I have the answer for you!  I’d like to share a short article I wrote for The Catholic Times last year:

“So . . . what are you giving up for Lent?”  The best all-time answer I’ve ever heard to that question comes from Fr. John Peter Cameron, editor of Magnificat: “Here’s what to give up for Lent: the doubt that goes, ‘I can never get closer to God because I’m too sinful, too flawed, too weak.’”  Lent really is not about giving up, but about receiving. Fr. John goes on to say: “Lent is not about lamenting our inadequacy.  Rather, it is a graced moment to receive from God what he is eager to give us so that we can live the friendship with him that he desires. . . .”

This approach requires a major change of attitude on most of our parts.  We are so geared up for what we should do for God, when what is uppermost in the Lord’s mind is his desire to draw near to us, to give himself to us.  If what we decide to give up would, in fact, encourage greater friendship with him, that would be one thing, but for many of us, we fall too readily into the following two categories. Either we succeed in doing what we’ve set out to do and just grow stronger in our pride and self-sufficiency, and in a real sense, further from God.  Or we fail and  grow less confident in God’s mercy.  “How could I expect him to show me mercy after I fail to do one simple thing like giving up chocolate for Lent? I mean, how hard is that?”

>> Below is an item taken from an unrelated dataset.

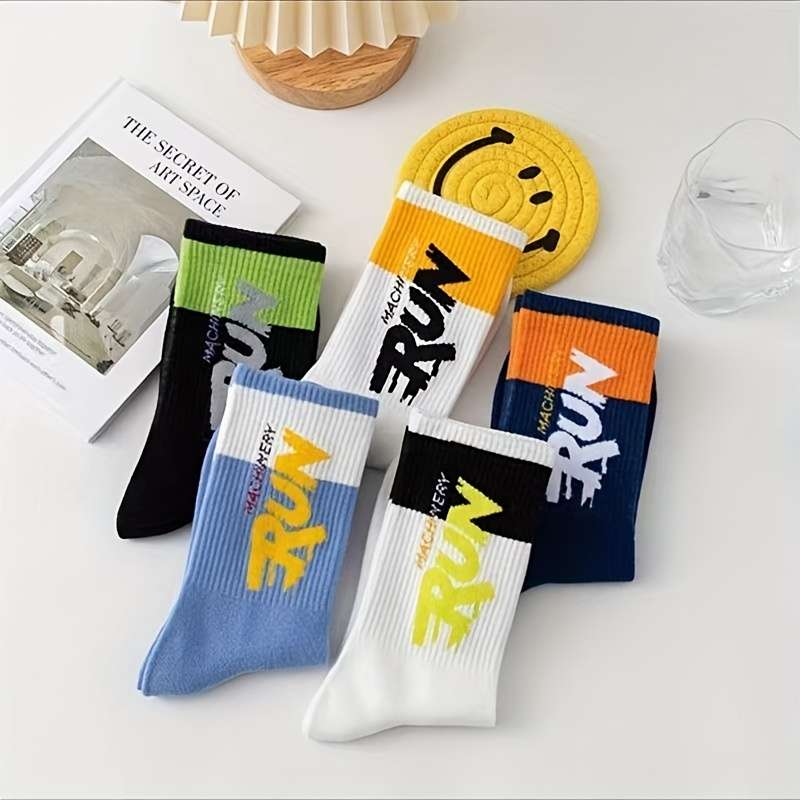 5 Pairs Mixed Color One Size High Elastic Socks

Of course, I’m not saying that self-discipline isn’t important or that chocolate in someone’s life may not indeed be a stumbling block in his relationship with God, but for so many of us, the main obstacle we face is our lack of confidence in God’s goodness and his love for us.  We hide from him, as Adam & Eve did after they sinned.  We think that we can’t come to him unless we’ve got everything together.  But notice God’s first words to them after their fall.  They were not: “What have you done?!” but “Where are you?” (Gen. 3:9)After listening to the serpent, Adam and Eve doubted his goodness rather than placing their trust in his unbounded mercy.  Otherwise, they would have run to him like the prodigal son to his father.  His first concern was the restoration of relationship with them.
St. Thérèse encourages us along these lines of trust: “Sanctity does not consist in this or that practice, it consists in a disposition of heart which makes us humble and little in the eyes of God, conscious of our weakness but boldly confident in his goodness as Father.” (emphasis added)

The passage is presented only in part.